The current debate misses out on one important dimension that taxation of goods and services is inextricably linked with taxation of personal incomes
The goods and services tax (GST) has been an international phenomenon with more than 140 governments around the globe adopting the regime: it has generated large revenues; reduced compliance costs of businesses; increased the ease of doing business; and in the long run, by reducing production and distribution costs, also decreased inflationary pressures. The audit trail which this tax leaves behind makes it self-policing. As a consequence, scope for evasion and corrupt practices gets substantially reduced. In India, additionally, it will subsume a large number of other taxes and create one unified market for all goods, thus ensuring that they move much faster to destinations all over the country. But how successful it is in India will depend on how well it is designed and implemented.
The tax itself works on a very simple principle of taxing the net value added. For example, if a wholesaler buys goods from his supplier for R100 and sells them to his retailer for R150, and the retailer in turn sells them to the customer for R180, the value added by the original supplier, the wholesaler and the retailer would be R100, R50 and R30. At a GST rate of 15%, they will accordingly collect from their customers and pay to the government a tax of R15, R7.50 and R4.50, respectively. The final price to their customer will thus be R207 (R180 plus R27— the sum of R15, R7.50 and R4.50 as computed above). At the same rate of tax, under the orthodox system of sales tax and excise duties, the consumer would end up paying R252.71. Such is the power of GST; it eschews the cascading effect of tax on tax.
International experience with this tax appears to suggest that the provisions of law should be simple and easy to understand; and those who implement the new provision should largely depend upon securing compliance voluntarily rather than through coercion. In practical terms, such voluntary compliance increases when taxpayers accept the system; and chances of this happening are much greater when forms are few and easy to fill.
Simplicity also implies that that the number of exemptions should be kept to the bare minimum. New Zealand is often held out as an example where GST has succeeded because the base is broad. This tax works best, it seems, when there is no distinction between movable property and immovable property; tangible goods and intangible goods; and between goods and services. The tax should extend seamlessly across the board to all commercial transactions, leaving minimum scope for disputes. Ideally, tobacco, petroleum products, real estate and alcohol should fall within the ambit of the levy.
The rates themselves need to be kept low. Ideally, a single rate works best but if that is not possible, these should be limited to two. High rates as well as multiplicity of bands have been known to militate against voluntary compliance. They result in narrowing the base which, in turn, necessitates still higher rates. The GST Council should therefore seriously reconsider its existing proposal of three tax bands. Although the GST Council has not yet decided on the general rate applicable to most goods, the finance minister has talked about 20% or higher. The government’s chief economic adviser (CEA) has indicated something between 16.9% and 18.9%. This according to him is the revenue neutral rate at which the government can maintain its existing levels of revenue.
The current debate, however, misses out on one important dimension of the problem: taxation of goods and services is inextricably linked with taxation of personal incomes: the dynamic relationship between the two is best illustrated through a small example.

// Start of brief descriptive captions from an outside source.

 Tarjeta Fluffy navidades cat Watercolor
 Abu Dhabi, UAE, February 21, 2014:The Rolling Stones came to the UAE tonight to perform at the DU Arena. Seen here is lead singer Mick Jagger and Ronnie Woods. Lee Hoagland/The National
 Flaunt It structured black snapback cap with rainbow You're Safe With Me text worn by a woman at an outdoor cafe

For the sake of simplification, let us assume that only pencils, which are priced at R10 each, are available for sale. If a consumer earns R100, he can buy 10 pencils. With a 20% tax on personal income, he can, with the R80 left with him, buy only 8 pencils. The government, however, may decide not to levy income tax, but a GST of 25%. Assuming that the seller has no tax credits to claim, he will now charge the consumer R12.50 per pencil. With an income of R100, the consumer will again be able to afford to buy only 8 pencils. The important result that emerges from this example is that a 20% tax on income is equal to a 25% tax on consumption (GST).
If the government decides to levy both income tax and GST at these rates, he will be able to purchase only 6.4 pencils. As a result his purchasing power will erode by more than a third. The question the government needs to ask is: given the current rates of income-tax, how much further can it increase GST, before the consumer starts questioning the fairness of the system? The general rate of GST must, thus, be based on a holistic view of the entire tax system. Prima facie, in the Indian context, a GST of about 15% to 18% appears just right, considering the extremely large population of poor and middle class people. Anything higher is bound to be perceived as regressive and unfair. Any potential loss in revenue would in all likelihood be more than made up by a much larger base of taxpayers and improved compliance. International experience appears to support this view.

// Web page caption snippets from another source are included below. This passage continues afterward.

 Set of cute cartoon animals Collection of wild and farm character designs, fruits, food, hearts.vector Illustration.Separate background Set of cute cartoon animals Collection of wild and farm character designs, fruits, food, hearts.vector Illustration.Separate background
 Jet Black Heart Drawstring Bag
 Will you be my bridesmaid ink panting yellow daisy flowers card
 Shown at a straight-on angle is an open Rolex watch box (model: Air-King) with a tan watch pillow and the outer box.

Finally, we may perhaps agree that it is better for policymakers to be practical and deliver beneficial results quickly rather than obsess over formulating a perfect law. Writing in 1980, Michael Lipsky, former don of political science at MIT, noted that the world over public policy transforms—sometimes quite radically—from formulation to implementation. This is because, the much harried street level bureaucrats implement it according to their understanding and established routine practices. The chances of their switching off and doing what they like are much greater when the law is complex, unwieldy or cumbersome. GST Council might like to bear this mind.